### [DESCRIPTION OF THE TASK]
In this exercise, write out the data word for word and leave every image out.

### [INFORMATION PROVIDED]
__________________________________________________

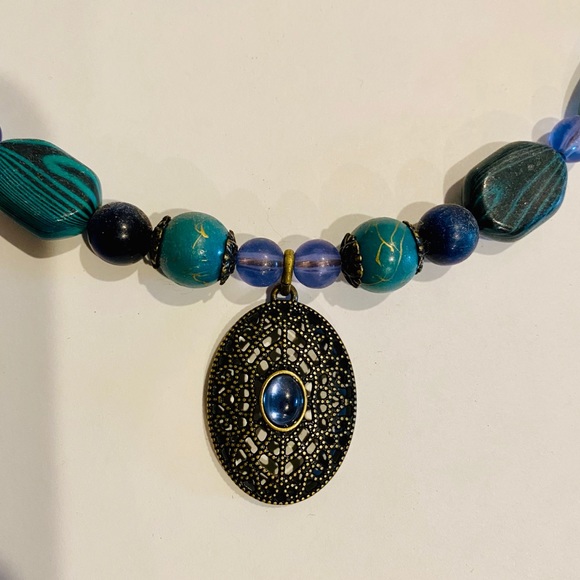 NWT Marked Teal Green Blue Beaded Pendant Necklace - Picture 5 of 7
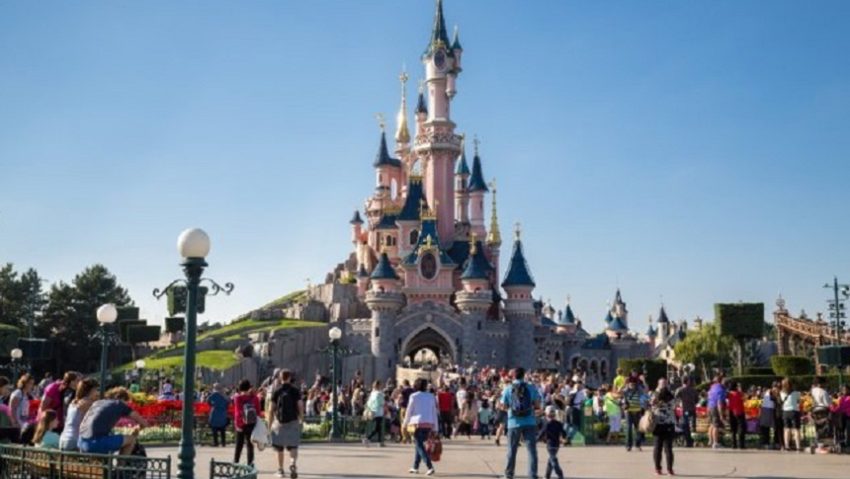 Walt Disney World Resort din Florida şi Disneyland Paris, închise timp de două săptămâni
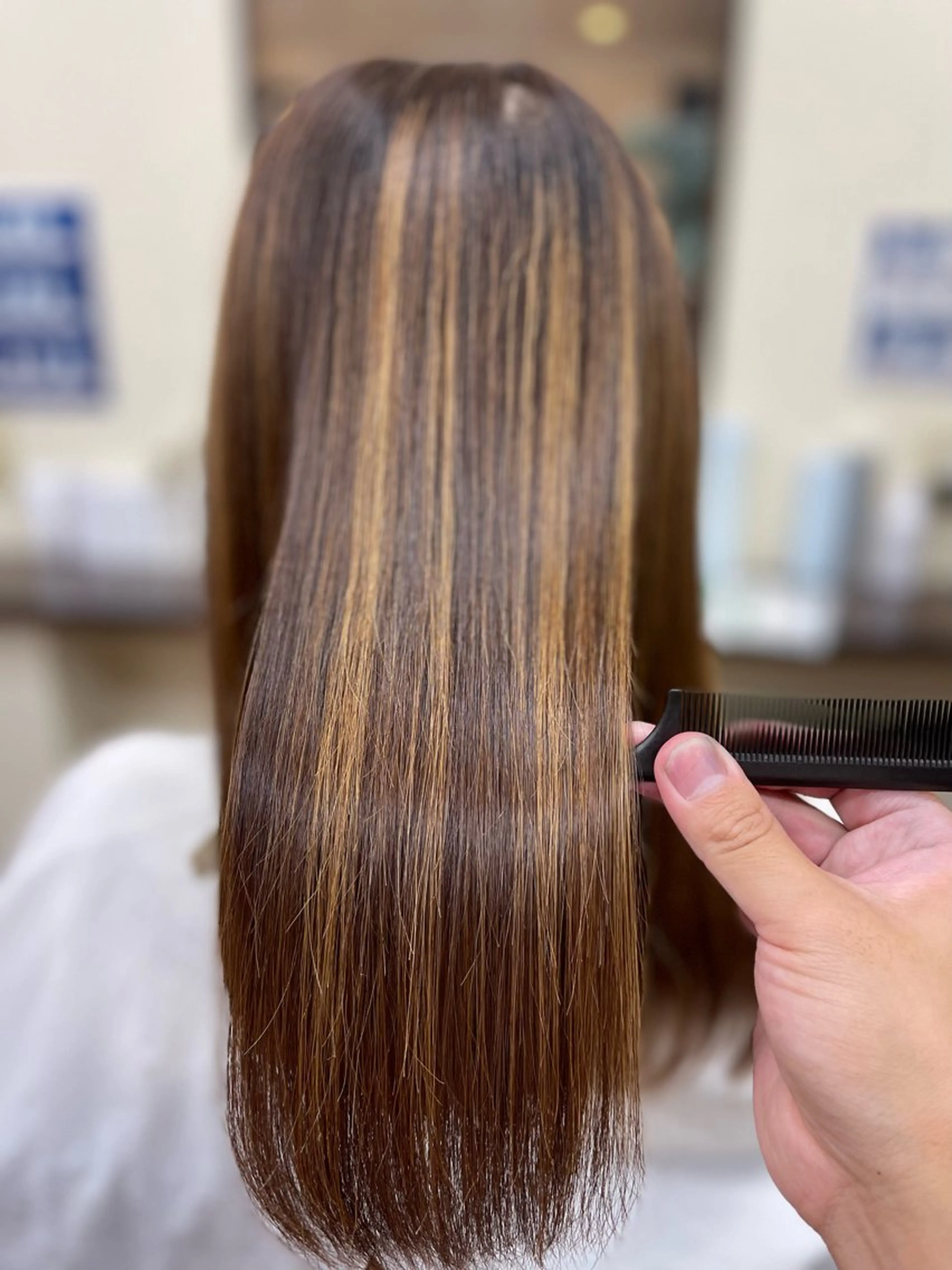 ミディアム ハイライト カット ヘアカラー 田中 就のヘアスタイル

__________________________________________________

### [TASK ANSWER]
 NWT Marked Teal Green Blue Beaded Pendant Necklace - Picture 5 of 7
 Walt Disney World Resort din Florida şi Disneyland Paris, închise timp de două săptămâni
 ミディアム ハイライト カット ヘアカラー 田中 就のヘアスタイル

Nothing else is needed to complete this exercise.